She started to laugh, as if that was the best joke she'd ever heard. Katya was confused. Was this a language barrier thing? Oh god…

“My ex was called Needles. I guess I loved Sharon fucking Needles a little too much too. She could stop my heart just as swiftly as the drugs did.” Alaska’s voice was still light hearted, but it was tinged with bitterness.

“What happened?” Katya dared to ask, leaning in a bit closer. She didn't really expect Alaska to continue, but she did. She was a bit entranced by those brown Bambi eyes and glossy pink lips.

“We loved each other, we fought all the time, she dumped me, and then I came home and shot up all the speed I could find lying around. There was a lot, I spent all my rent money on it.”

“Fuck.” Katya deadpanned.

“It's ok.” Alaska said without even sounding sad. Instead she just moved her face next to Katya’s ear to continue. “I'm still here. Couldn't even kill myself properly. Sharon would be pissed if she knew I was a ghost, she always was the spooky one.” Alaska nipped at Katya’s earlobe, and she shivered. Only Alaska could make talking about death sexy. Obviously her previous assumptions about the sexual tension between them had been correct.

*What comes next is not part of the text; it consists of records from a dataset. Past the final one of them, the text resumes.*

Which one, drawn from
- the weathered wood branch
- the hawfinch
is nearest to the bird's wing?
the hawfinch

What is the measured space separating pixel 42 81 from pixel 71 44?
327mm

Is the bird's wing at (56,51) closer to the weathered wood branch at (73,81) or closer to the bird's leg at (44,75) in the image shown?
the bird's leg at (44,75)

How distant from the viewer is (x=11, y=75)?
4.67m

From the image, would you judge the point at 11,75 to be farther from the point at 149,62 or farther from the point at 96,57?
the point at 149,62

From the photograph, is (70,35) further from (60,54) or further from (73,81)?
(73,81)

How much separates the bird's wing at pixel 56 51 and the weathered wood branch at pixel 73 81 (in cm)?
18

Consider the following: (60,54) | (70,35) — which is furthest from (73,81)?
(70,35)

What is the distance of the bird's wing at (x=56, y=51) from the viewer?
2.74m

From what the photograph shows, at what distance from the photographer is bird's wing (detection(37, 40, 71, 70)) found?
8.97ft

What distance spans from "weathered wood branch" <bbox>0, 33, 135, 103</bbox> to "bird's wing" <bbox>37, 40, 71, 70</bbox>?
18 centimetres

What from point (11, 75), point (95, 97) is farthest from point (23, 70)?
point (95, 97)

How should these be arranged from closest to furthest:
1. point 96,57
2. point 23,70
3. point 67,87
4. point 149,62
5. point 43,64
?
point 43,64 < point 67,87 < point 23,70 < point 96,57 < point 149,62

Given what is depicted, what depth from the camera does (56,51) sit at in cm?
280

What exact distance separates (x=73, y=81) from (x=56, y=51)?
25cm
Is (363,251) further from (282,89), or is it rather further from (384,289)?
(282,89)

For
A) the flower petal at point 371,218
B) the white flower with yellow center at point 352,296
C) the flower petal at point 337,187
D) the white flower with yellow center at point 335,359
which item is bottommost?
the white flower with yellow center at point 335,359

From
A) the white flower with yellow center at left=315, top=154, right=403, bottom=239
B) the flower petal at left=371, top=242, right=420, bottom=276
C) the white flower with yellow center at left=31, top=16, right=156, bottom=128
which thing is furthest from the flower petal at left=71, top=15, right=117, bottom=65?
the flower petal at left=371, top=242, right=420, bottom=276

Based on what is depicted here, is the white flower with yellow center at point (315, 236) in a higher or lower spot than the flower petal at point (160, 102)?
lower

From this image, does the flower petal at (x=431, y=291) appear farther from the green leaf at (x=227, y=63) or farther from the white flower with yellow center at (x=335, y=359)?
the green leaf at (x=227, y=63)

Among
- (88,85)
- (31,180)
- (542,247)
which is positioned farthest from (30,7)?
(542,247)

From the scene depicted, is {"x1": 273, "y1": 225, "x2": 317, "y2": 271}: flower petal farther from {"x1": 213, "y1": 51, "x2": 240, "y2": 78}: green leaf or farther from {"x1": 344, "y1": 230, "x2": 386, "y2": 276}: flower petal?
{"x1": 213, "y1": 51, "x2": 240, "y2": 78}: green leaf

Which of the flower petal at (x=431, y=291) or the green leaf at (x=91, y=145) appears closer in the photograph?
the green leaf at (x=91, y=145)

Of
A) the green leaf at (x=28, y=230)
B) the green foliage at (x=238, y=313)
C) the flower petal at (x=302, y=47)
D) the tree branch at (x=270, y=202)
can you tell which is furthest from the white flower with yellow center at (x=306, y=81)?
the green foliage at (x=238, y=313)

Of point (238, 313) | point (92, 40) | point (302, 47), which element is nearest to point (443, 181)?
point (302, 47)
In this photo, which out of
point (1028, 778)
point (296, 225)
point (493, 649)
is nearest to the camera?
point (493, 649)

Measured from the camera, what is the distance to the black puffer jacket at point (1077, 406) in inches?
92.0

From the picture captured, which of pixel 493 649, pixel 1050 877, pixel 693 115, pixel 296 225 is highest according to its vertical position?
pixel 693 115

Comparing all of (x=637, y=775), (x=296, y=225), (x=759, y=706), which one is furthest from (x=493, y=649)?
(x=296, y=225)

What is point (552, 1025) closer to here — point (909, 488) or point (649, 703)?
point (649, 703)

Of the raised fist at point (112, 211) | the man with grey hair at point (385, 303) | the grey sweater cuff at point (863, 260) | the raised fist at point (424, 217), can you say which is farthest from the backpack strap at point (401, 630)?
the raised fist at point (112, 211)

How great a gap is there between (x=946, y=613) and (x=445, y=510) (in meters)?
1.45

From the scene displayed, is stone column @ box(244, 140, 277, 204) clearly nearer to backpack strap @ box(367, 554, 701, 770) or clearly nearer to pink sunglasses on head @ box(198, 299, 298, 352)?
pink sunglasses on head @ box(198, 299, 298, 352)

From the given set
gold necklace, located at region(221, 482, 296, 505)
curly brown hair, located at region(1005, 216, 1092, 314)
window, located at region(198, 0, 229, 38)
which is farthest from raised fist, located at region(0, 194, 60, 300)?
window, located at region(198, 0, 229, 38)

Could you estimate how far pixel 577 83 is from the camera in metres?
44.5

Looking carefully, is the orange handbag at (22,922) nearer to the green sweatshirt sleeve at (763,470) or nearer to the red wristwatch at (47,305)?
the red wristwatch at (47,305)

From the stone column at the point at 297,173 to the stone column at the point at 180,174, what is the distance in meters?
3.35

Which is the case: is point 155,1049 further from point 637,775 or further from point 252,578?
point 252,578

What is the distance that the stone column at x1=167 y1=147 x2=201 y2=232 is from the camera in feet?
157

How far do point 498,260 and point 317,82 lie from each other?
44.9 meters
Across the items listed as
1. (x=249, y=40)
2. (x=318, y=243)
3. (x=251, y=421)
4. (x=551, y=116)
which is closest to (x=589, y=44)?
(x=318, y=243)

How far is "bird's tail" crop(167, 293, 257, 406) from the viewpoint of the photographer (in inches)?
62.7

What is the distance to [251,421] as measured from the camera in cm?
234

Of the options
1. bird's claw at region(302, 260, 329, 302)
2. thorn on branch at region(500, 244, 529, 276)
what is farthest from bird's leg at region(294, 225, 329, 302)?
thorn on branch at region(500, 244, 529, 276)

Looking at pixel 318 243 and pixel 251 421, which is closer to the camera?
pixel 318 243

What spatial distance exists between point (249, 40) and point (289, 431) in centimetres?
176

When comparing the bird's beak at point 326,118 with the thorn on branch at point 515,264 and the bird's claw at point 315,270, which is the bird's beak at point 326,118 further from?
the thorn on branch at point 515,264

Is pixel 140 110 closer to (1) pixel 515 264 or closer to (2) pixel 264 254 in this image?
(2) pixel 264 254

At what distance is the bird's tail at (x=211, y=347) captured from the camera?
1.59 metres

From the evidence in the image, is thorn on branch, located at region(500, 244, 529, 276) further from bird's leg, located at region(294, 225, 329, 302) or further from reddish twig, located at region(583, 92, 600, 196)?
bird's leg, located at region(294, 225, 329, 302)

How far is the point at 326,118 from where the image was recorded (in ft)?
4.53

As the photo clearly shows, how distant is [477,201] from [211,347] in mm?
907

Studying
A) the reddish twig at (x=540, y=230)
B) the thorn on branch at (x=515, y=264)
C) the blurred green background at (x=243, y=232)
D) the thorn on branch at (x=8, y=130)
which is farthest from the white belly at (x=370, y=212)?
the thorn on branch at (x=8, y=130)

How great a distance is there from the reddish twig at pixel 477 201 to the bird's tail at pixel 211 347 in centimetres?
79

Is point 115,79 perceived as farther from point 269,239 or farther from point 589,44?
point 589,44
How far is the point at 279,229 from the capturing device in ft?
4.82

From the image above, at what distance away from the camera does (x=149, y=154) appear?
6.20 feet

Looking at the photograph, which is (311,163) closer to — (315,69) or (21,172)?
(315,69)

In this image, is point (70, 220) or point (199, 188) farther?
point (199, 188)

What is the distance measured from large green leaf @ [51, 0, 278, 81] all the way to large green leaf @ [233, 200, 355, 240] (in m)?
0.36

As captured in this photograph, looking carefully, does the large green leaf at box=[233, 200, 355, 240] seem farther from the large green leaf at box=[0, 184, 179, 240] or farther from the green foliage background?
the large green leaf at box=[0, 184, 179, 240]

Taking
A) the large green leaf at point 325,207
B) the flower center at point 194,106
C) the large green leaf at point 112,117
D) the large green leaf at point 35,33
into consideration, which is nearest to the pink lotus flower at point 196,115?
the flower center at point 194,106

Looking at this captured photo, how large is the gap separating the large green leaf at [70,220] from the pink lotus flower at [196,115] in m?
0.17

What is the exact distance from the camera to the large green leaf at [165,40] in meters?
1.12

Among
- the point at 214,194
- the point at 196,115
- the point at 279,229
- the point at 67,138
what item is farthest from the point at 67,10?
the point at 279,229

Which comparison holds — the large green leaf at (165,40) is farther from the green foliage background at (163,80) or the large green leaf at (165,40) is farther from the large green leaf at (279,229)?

“Why can I feel you?” It hadn't really occurred to her that they logically shouldn't be able to touch. Then again, nothing about this situation was logical.

“Beats me.” Alaska answered in a raspy voice, obviously not too worried, instead, she just started sucking on Katya’s neck. Oh fuck. Was it necrophilia to fuck your resident ghost?

“Is Sharon still alive?” Katya asked, and she cursed herself for staying on the topic of Alaska’s ex as the girl kissed closer and closer to her mouth.

“I don't know.” She answered between kisses. “I try not to think about her.”

Katya finally bridged the gap between their lips, moving her head in line with Alaska’s and gripping onto the sides of her face. The taller girl’s demeanour shifted to one of submission. She obviously found it hot to be controlled, so Katya pushed her down into the sofa as they kissed. Her hands reached for the zipper of Alaska’s god-awful grey sweater, and she pulled it down to reveal a lacy bralette that really didn't count as a bra or a shirt. It was hot, either way.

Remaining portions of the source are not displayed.